**What this task involves**
Any picture in the entries is to be skipped, while everything else is transcribed word for word.

==== Source data

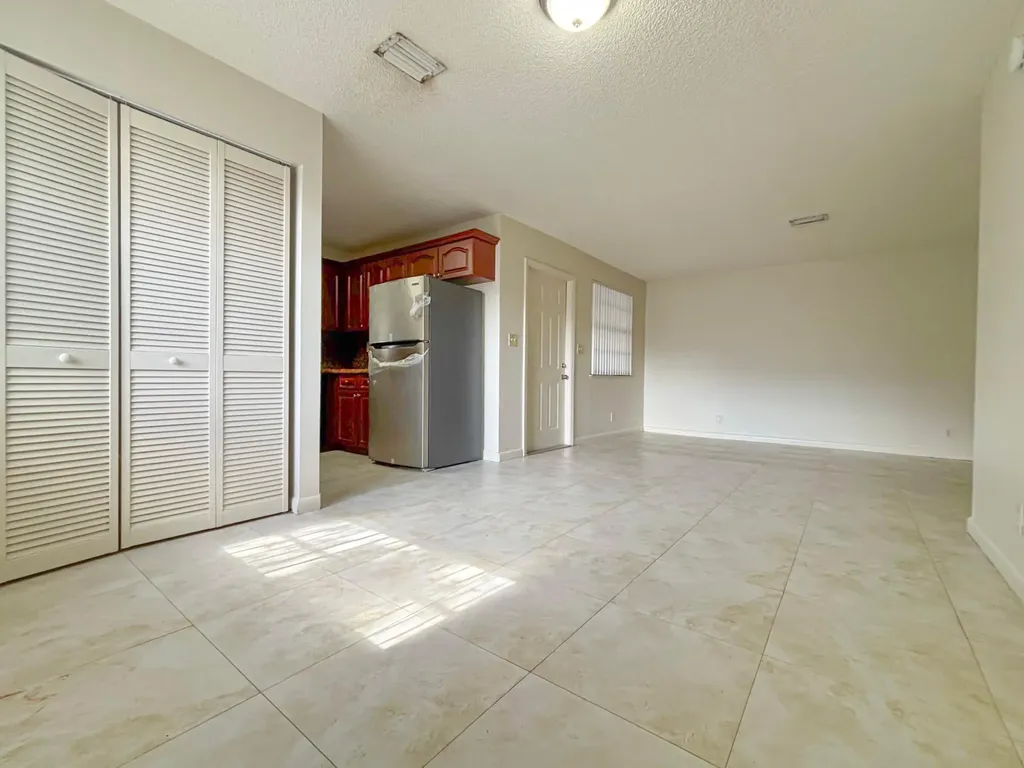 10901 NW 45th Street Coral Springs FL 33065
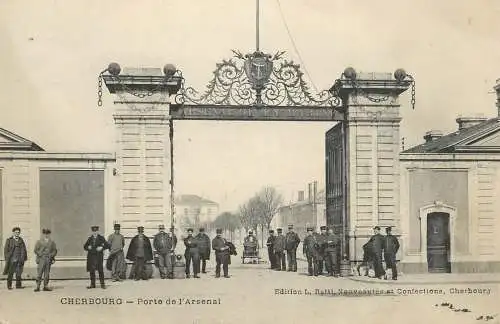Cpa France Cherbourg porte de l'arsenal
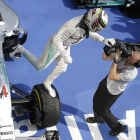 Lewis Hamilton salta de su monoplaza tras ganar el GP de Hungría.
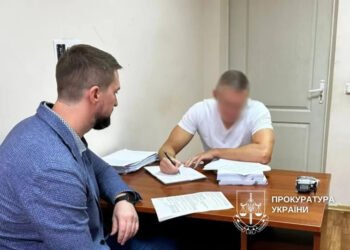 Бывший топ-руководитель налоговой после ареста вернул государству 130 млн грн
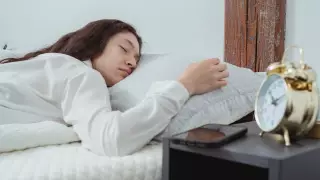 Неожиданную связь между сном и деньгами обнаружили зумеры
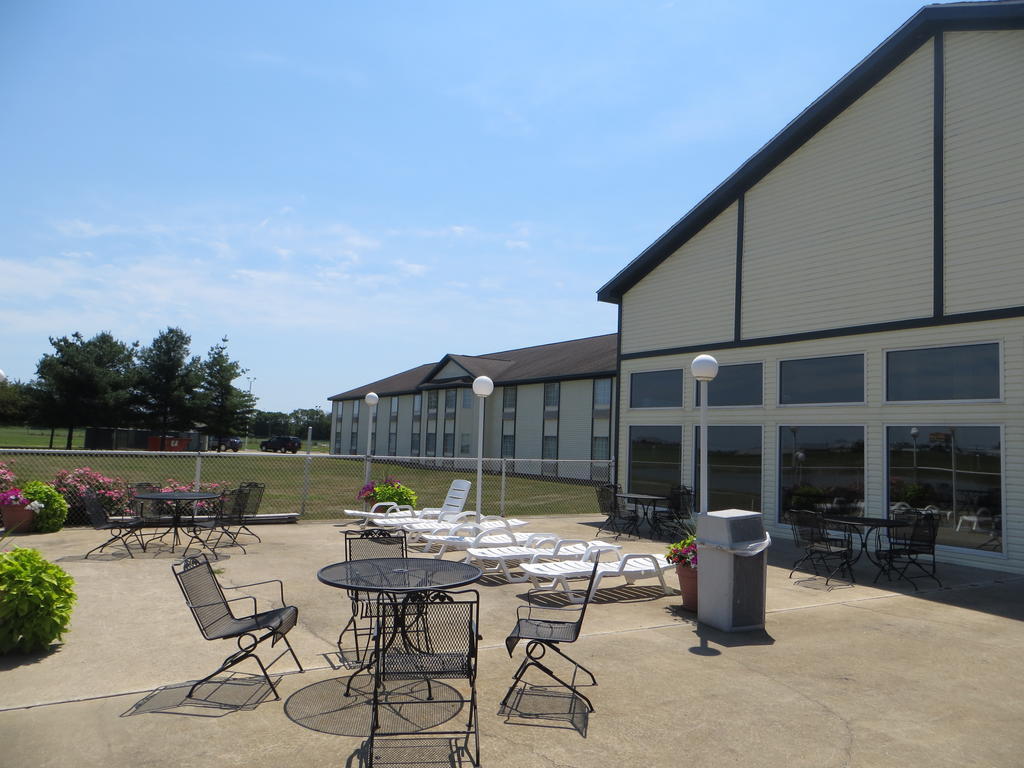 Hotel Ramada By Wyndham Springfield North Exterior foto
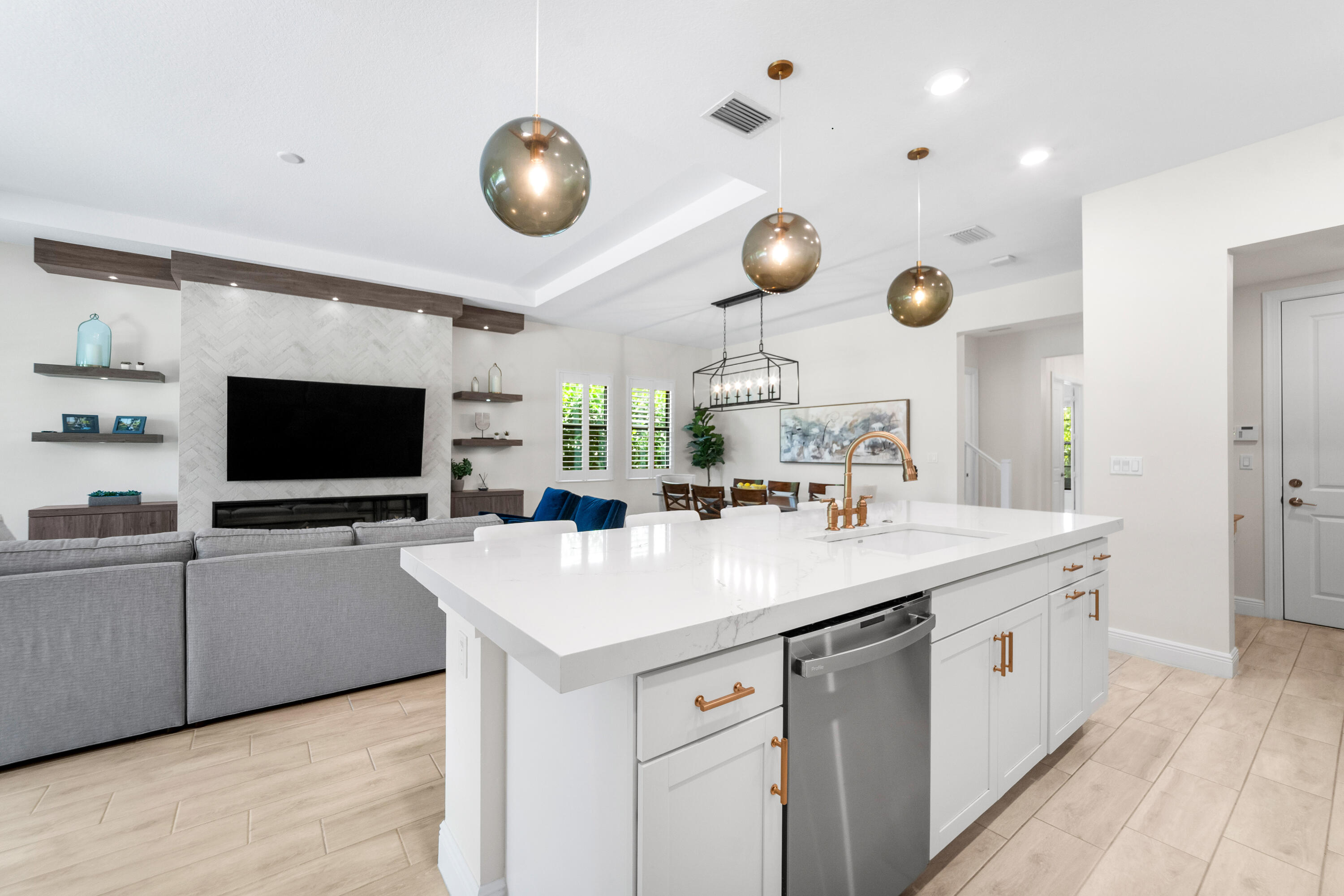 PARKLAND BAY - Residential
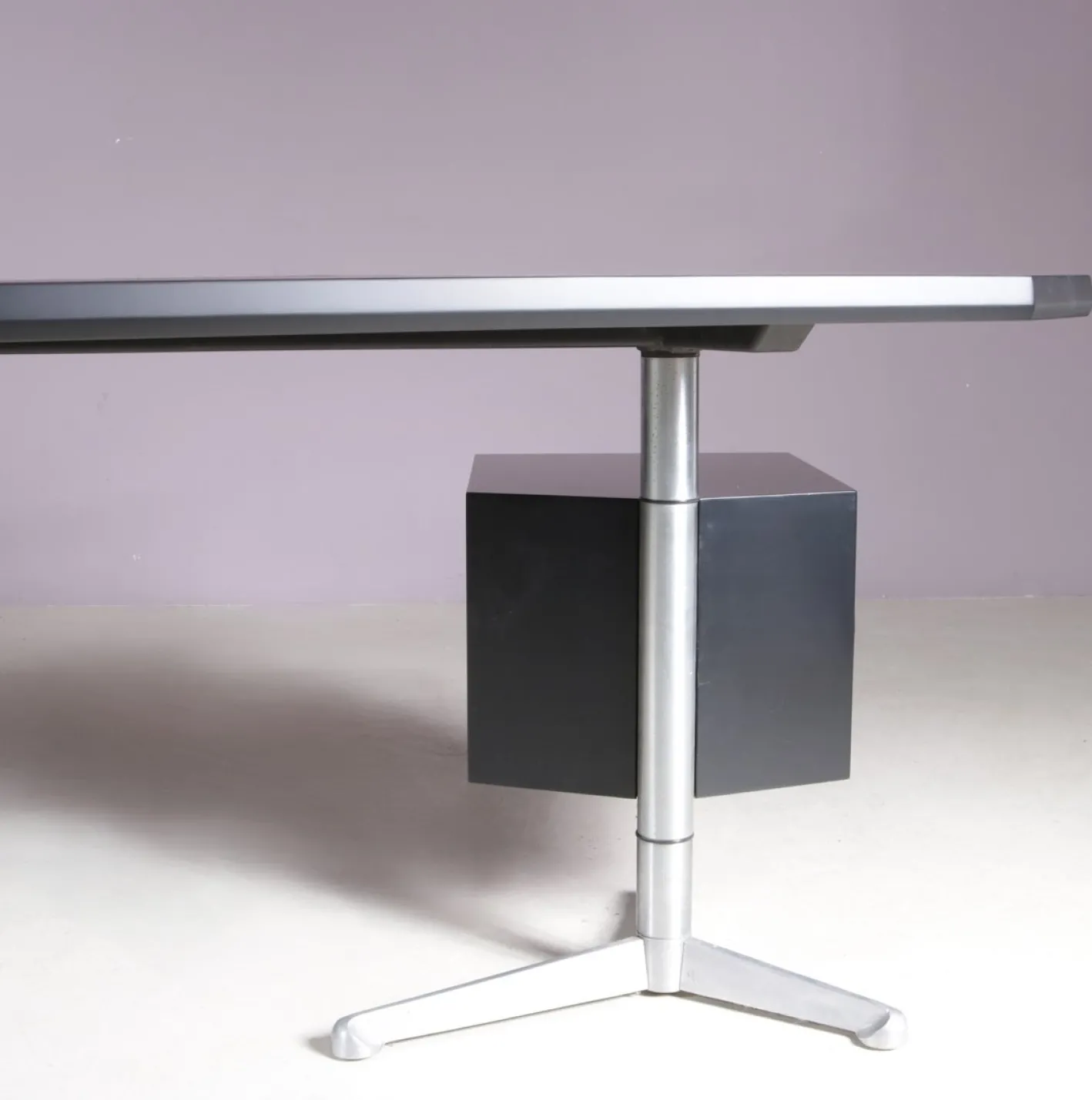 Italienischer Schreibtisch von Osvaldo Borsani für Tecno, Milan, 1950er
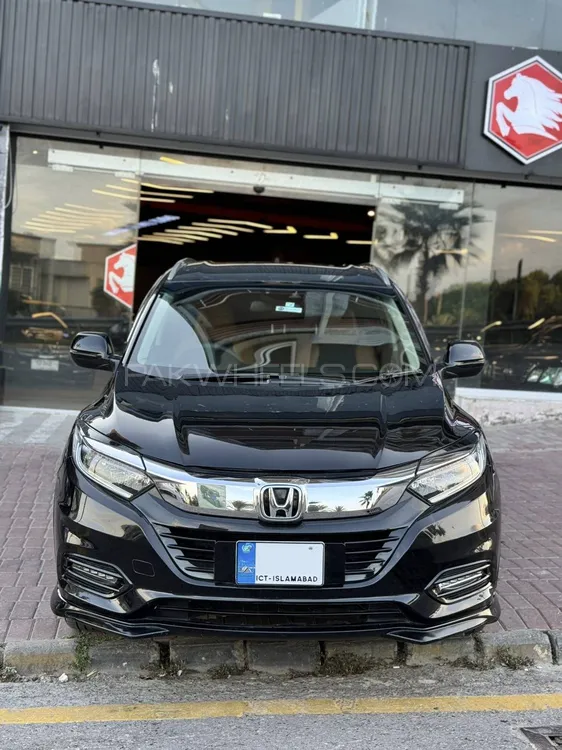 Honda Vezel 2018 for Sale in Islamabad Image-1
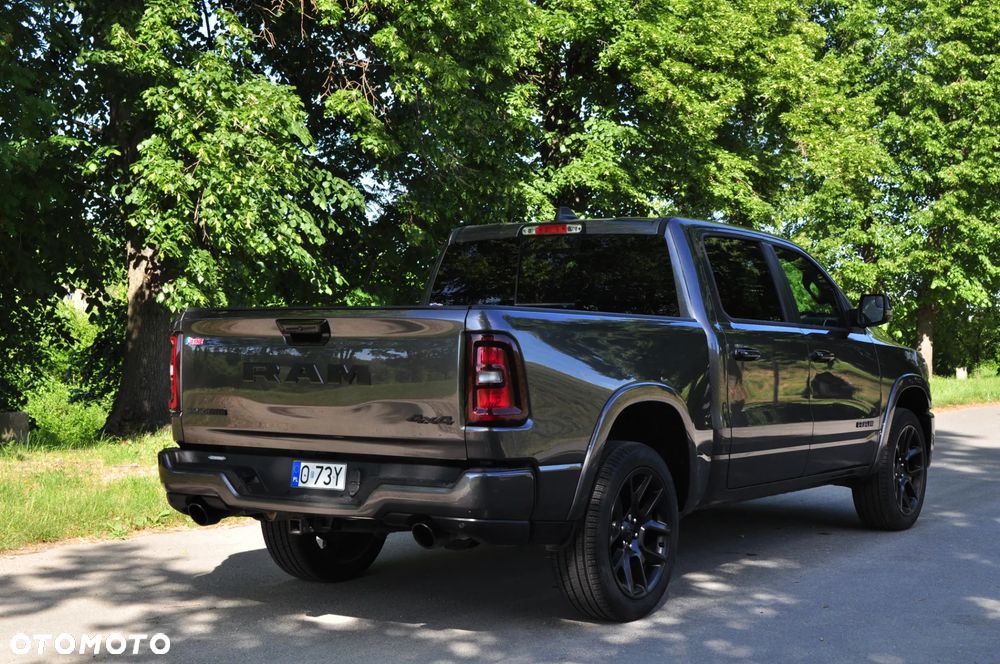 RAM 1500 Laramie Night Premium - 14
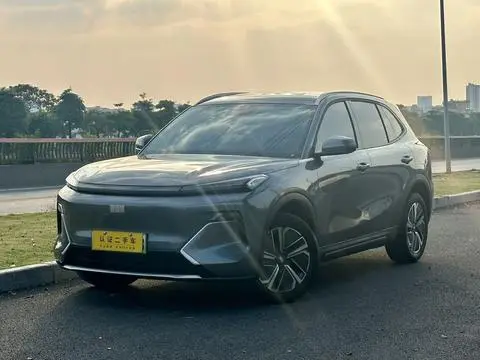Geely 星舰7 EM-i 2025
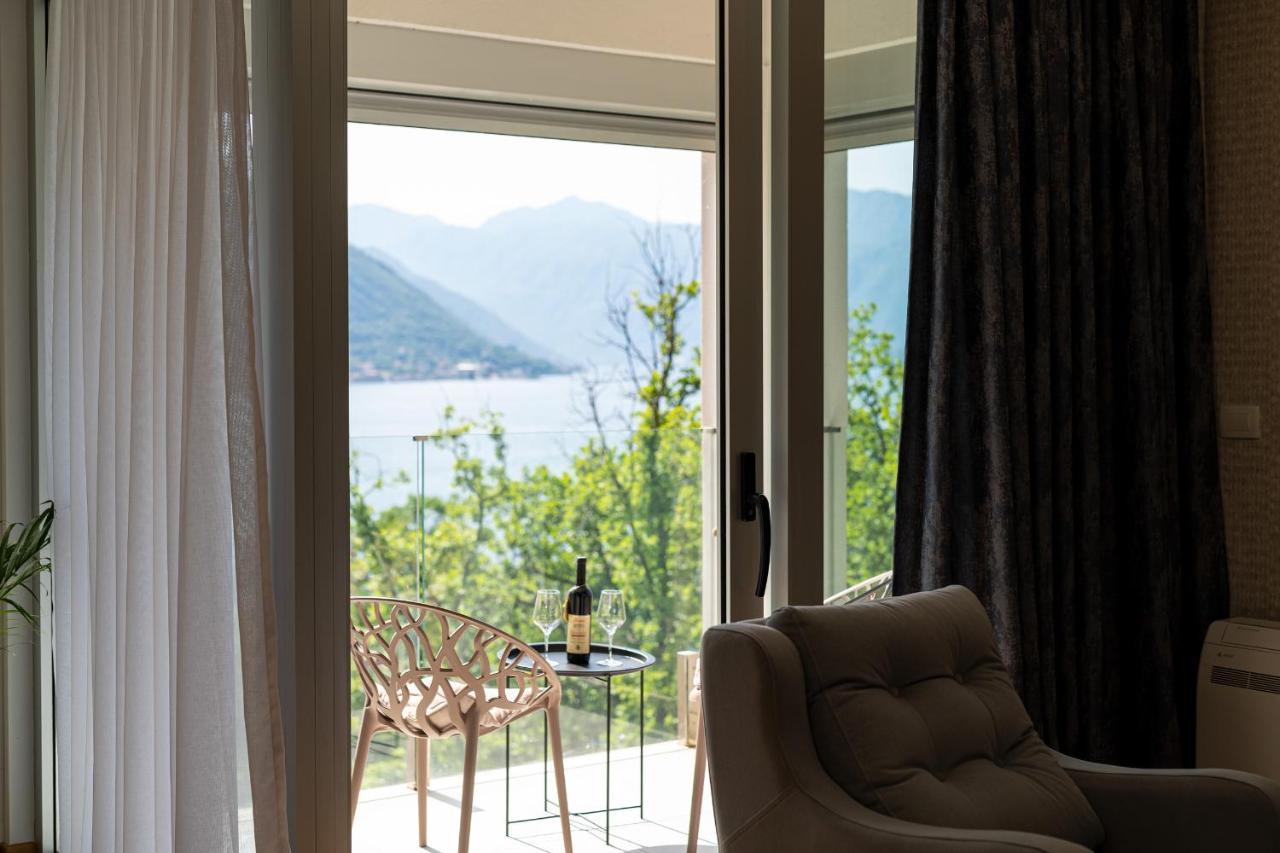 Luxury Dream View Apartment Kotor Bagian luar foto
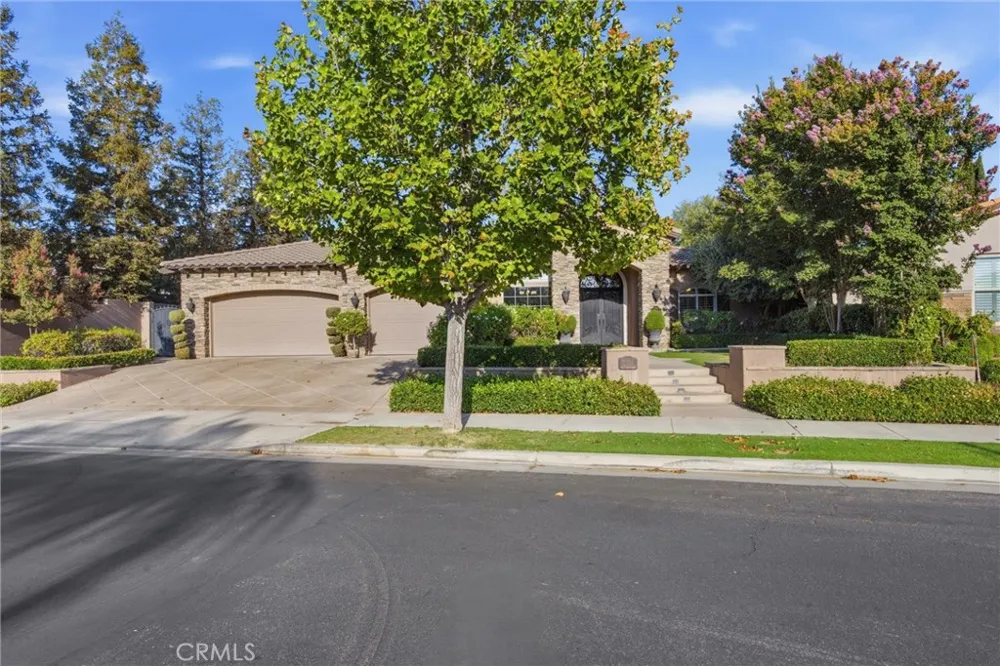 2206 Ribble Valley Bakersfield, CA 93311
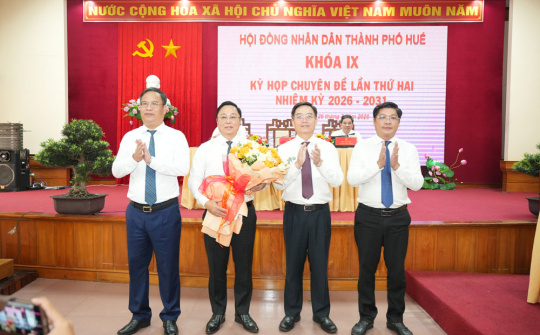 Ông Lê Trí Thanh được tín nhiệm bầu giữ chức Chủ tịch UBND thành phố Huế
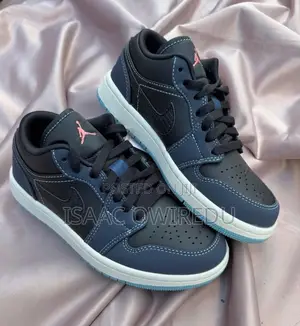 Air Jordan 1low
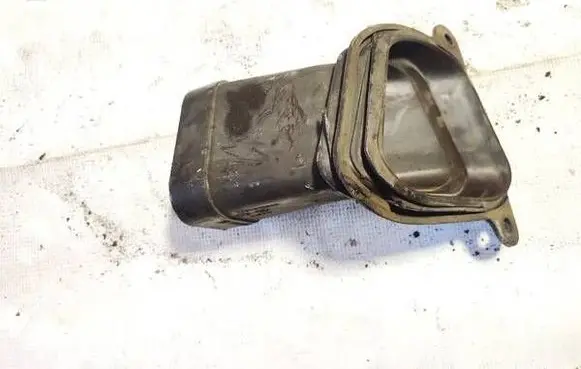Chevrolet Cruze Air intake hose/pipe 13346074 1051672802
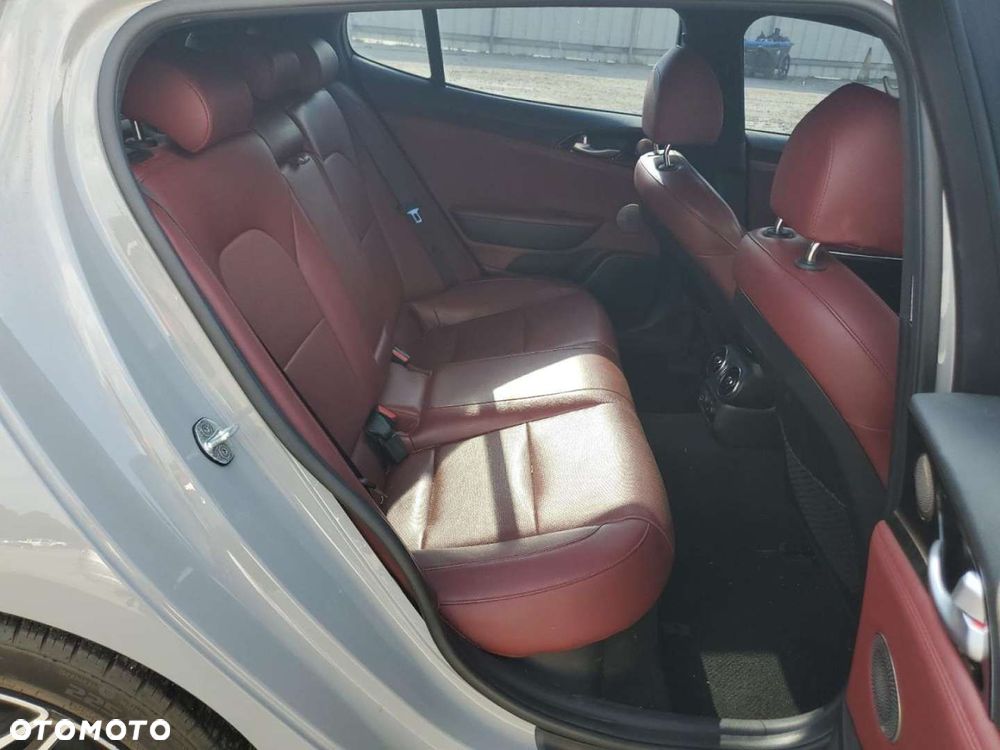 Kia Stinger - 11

========

**Result for this exercise**
 10901 NW 45th Street Coral Springs FL 33065
Cpa France Cherbourg porte de l'arsenal
 Lewis Hamilton salta de su monoplaza tras ganar el GP de Hungría.
 Бывший топ-руководитель налоговой после ареста вернул государству 130 млн грн
 Неожиданную связь между сном и деньгами обнаружили зумеры
 Hotel Ramada By Wyndham Springfield North Exterior foto
 PARKLAND BAY - Residential
 Italienischer Schreibtisch von Osvaldo Borsani für Tecno, Milan, 1950er
 Honda Vezel 2018 for Sale in Islamabad Image-1
 RAM 1500 Laramie Night Premium - 14
Geely 星舰7 EM-i 2025
 Luxury Dream View Apartment Kotor Bagian luar foto
 2206 Ribble Valley Bakersfield, CA 93311
 Ông Lê Trí Thanh được tín nhiệm bầu giữ chức Chủ tịch UBND thành phố Huế
 Air Jordan 1low
Chevrolet Cruze Air intake hose/pipe 13346074 1051672802
 Kia Stinger - 11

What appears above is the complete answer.